スクリーンショット 2024-05-25 163018

This application is a user-friendly GUI tool built with PyTorch, Ultralytics library, and CustomTkinter. It allows you to easily develop and train YOLOv8 and YOLOv9 models, and perform object detection on images, videos, and webcam feeds using the trained models. The detection results can be saved for further analysis.

↓ Please watch the instructional video (in English) uploaded on YouTube to check out the specific operation. YOLO Train and Detect App Demo

Environment Setup

Using venv

  1. Clone this repository:
git clone https://github.com/SpreadKnowledge/YOLO_train_detection_GUI.git
  1. Navigate to the project directory:
cd your-repository
  1. Create a virtual environment:
python -m venv venv
  1. Activate the virtual environment:
  • For Windows:
    venv\Scripts\activate
    
  • For macOS and Linux:
    source venv/bin/activate
    
  1. Install the required dependencies:
pip install -r requirements.txt

Using Anaconda

  1. Clone this repository:
git clone https://github.com/SpreadKnowledge/YOLO_train_detection_GUI.git
  1. Navigate to the project directory:
cd your-repository
  1. Create a new Anaconda environment:
conda create --name yolo-app python=3.12
  1. Activate the Anaconda environment:
conda activate yolo-app
  1. Install the required dependencies:
pip install -r requirements.txt

Preparing Training Data

Before training your YOLO model, you need to prepare the training data in the YOLO format. For each image, you should have a corresponding text file with the same name containing the object annotations. The text file should follow the format:

<class_id> <x_center> <y_center> <width> <height>
  • <class_id>: Integer representing the class ID of the object.
  • <x_center>, <y_center>: Floating-point values representing the center coordinates of the object bounding box, normalized by the image width and height.
  • <width>, <height>: Floating-point values representing the width and height of the object bounding box, normalized by the image width and height.

Place the image files and their corresponding annotation text files in the same directory.

Running the Application

To run the YOLO Train and Detect App, execute the following command:

python main.py

Application Features

Train Tab

In the Train tab, you can train your own YOLO model:

  1. Enter a project name (alphanumeric only).
  2. Select the directory containing your training data (images and annotation text files).
  3. Choose the directory where you want to save the trained model.
  4. Select the model size for YOLOv9 (Compact or Enhanced) or YOLOv8 (Nano, Small, Medium, Large, or ExtraLarge).
  5. Specify the input size for the CNN (e.g., 640).
  6. Set the number of epochs for training (e.g., 100).
  7. Enter the batch size for training (e.g., 16).
  8. Input the class names, one per line, in the provided text box.
  9. Click the "Start Training!" button to begin the training process.

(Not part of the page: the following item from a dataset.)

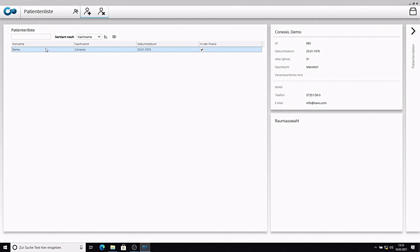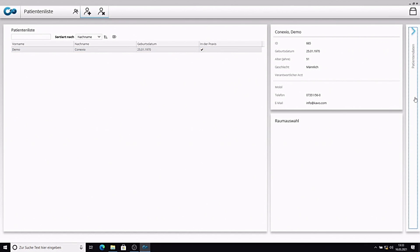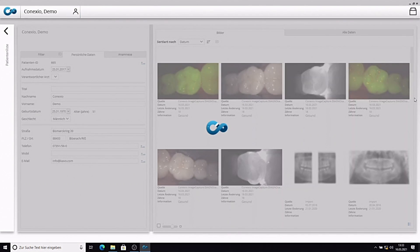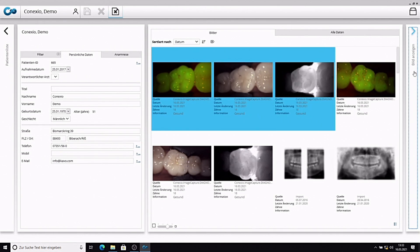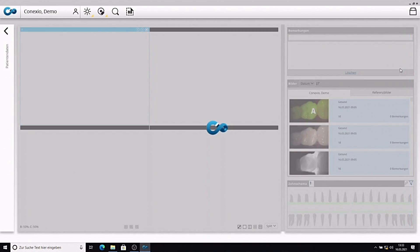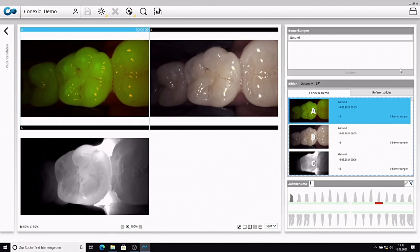The CAWO Connexio software has a modular structure and consists of three different levels. Level 1, Patient List, displays a list of all available patients. Level 2, Patient File, displays all available images of the patient. Level 3, Image Display, displays all selected images.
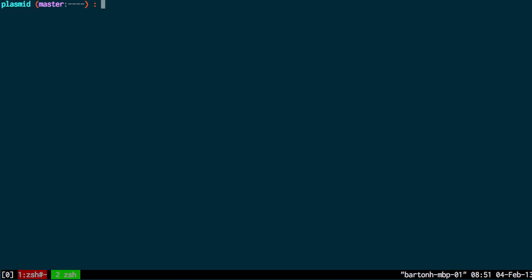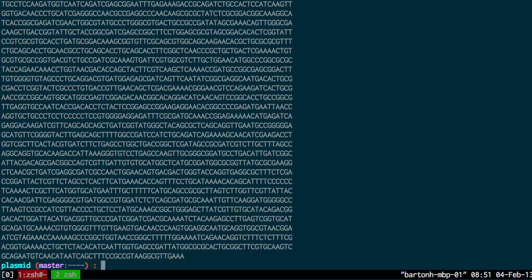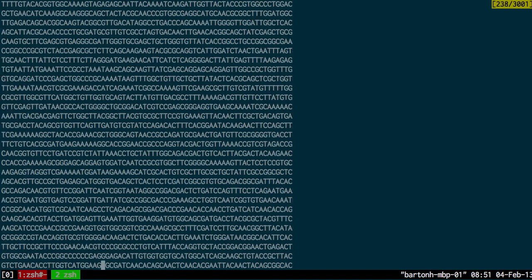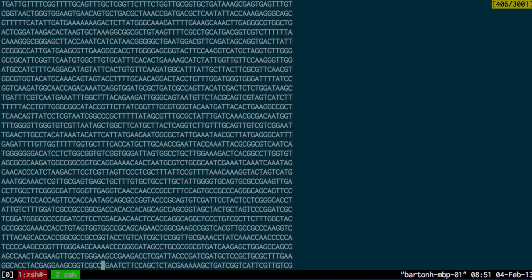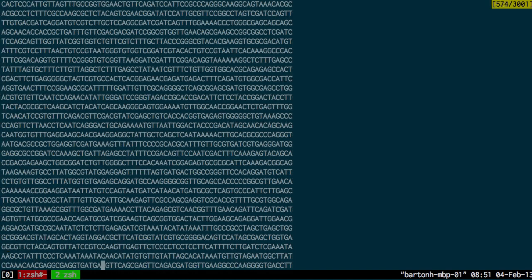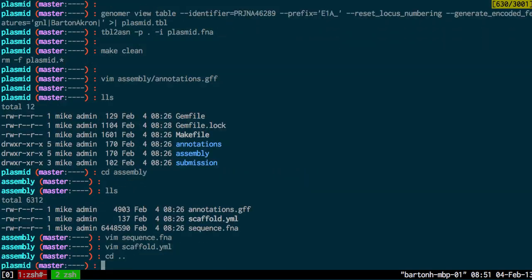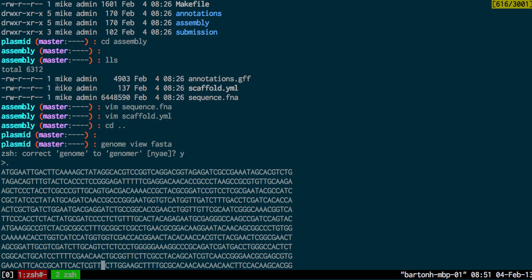So I want to generate the FASTA sequence for that scaffold using genoma review FASTA. You can see here that's the FASTA sequence. I'll just go to the top. You can see it's not particularly useful yet because it doesn't have an identifier.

Note: Make sure to provide all the required information, or the training process will not start.

Image/Video Tab

In the Image/Video tab, you can perform object detection on images or videos:

  1. Select the folder containing the images or videos you want to process.
  2. Choose the trained YOLO model file (.pt) for detection.
  3. Click the "Start Detection!" button to initiate the detection process.
  4. The detection results will be displayed in the application window.
  5. Use the navigation buttons (◀ and ▶) to browse through the processed images or video frames.

Note: Ensure that you have selected the correct folders and model file, or the detection process will not work.

Camera Tab

In the Camera tab, you can perform real-time object detection using a webcam:

  1. Select the trained YOLO model file (.pt) for detection.
  2. Choose the directory where you want to save the detection results.
  3. Enter the camera ID (e.g., 0 for the default webcam).
  4. Click the "START" button to begin the real-time detection.
  5. The live camera feed with object detection will be displayed in the application window.
  6. Press the "ENTER" key to capture and save the current frame and its detection results.
  7. Click the "STOP" button to stop the real-time detection.

Note: Make sure that you have selected the correct model file and save directory, and entered a valid camera ID, or the real-time detection will not function properly.